ConocoPhillips CEO Jim Mulva used that keynote to tout shale gas as “nature’s gift to the people of the world.” He praised the ingenuity of an industry that learned how to employ horizontal drilling and hydraulic fracturing to open up shale, a rock that had long been considered too difficult to drill.
Now the gas-laced rock has doubled the discovered gas resources of North America, providing 100 years of supply to a country that a few years ago was planning a host of new terminals to import liquefied natural gas, or LNG. Shale gas now accounts for 20 percent of the country’s gas supply, up from 1 percent in 2000.
2) Pairing oil recovery with carbon capture a win-win for U.S.
Enhanced oil recovery — a technique that stimulates aging wells — combined with carbon capture and storage (CCS) could slash U.S. petroleum imports if there is a strong price on carbon, according to a report commissioned by an environmental group and released yesterday.
The Natural Resources Defense Council backed the report that says combining CCS with enhanced oil recovery could boost U.S. production by 3 million to 3.6 million barrels a day.
“Significant growth is dependent on sourcing affordable carbon dioxide,” said Mike Godec, vice president of Advanced Resources International, which prepared the report. “Climate legislation obviously would give enhanced oil recovery a kick start and allow the technology to grow most rapidly.”
Oil companies for years have wrung as much oil as they could from maturing wells.
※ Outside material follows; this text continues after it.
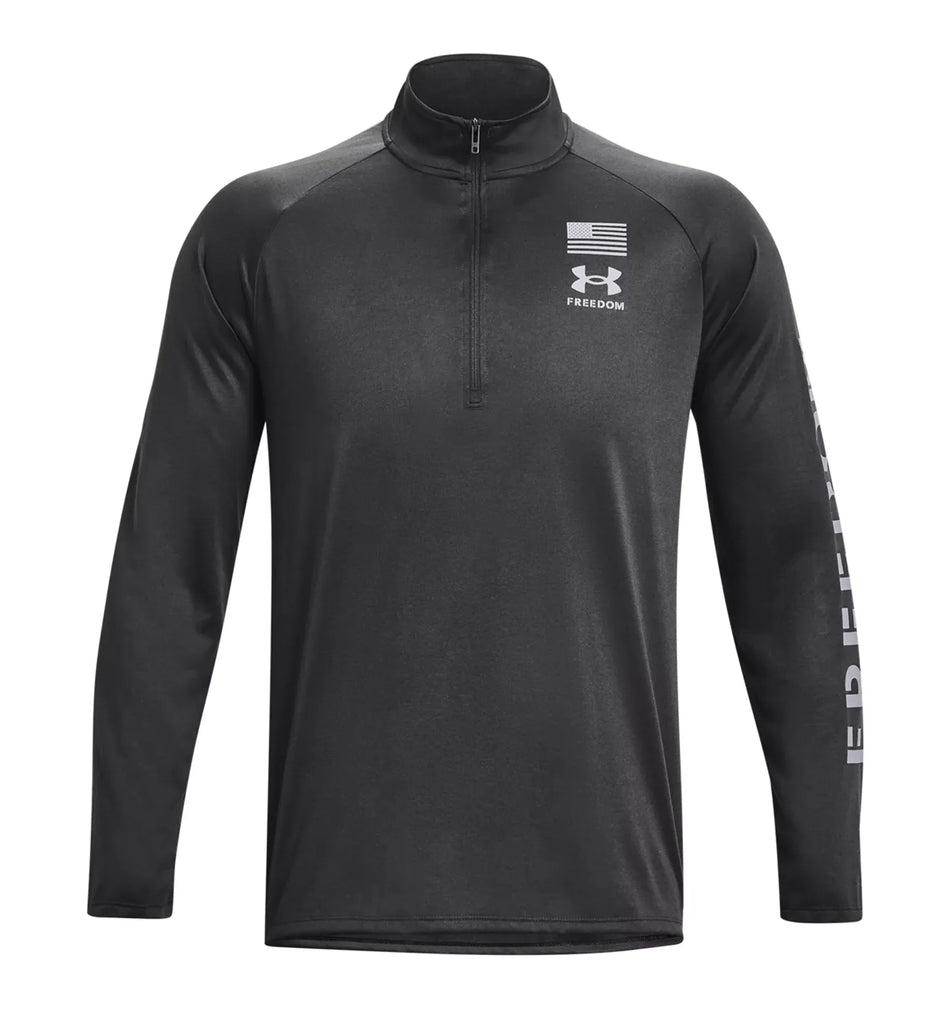 Gray - UA Freedom Tech 1/2 Zip Pullover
And for the past 35 years or so, they have been pumping CO2 into aging reservoirs to displace oil and enhance production.
3) Injection well is ‘plausible cause’ of Texas earthquakes:
Researcher Brian Stump of Southern Methodist University, one of four researchers who worked on a study published in the magazine Leading Edge, said the injection well at the airport was a “plausible cause” of the earthquakes that started seven weeks after the well began operating in 2008 and stopped when the well was closed.
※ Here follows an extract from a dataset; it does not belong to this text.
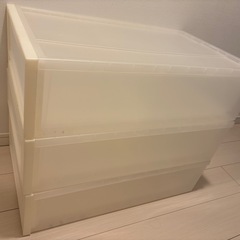 無印良品　衣装ケース　3点の画像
The last article is basically on hydraulic fracking, though there are similar concerns about CCS too. If true, I think it raises questions about the stability of this plane.
Right now the cheapest CO2 is that separated out from natural gas streams (natural gas has tremendously varied amounts of water vapor and CO2, depending on the well. In particular fields, there is a ton of CO2 which increasingly is being injected back into the well to push more gas and oil out.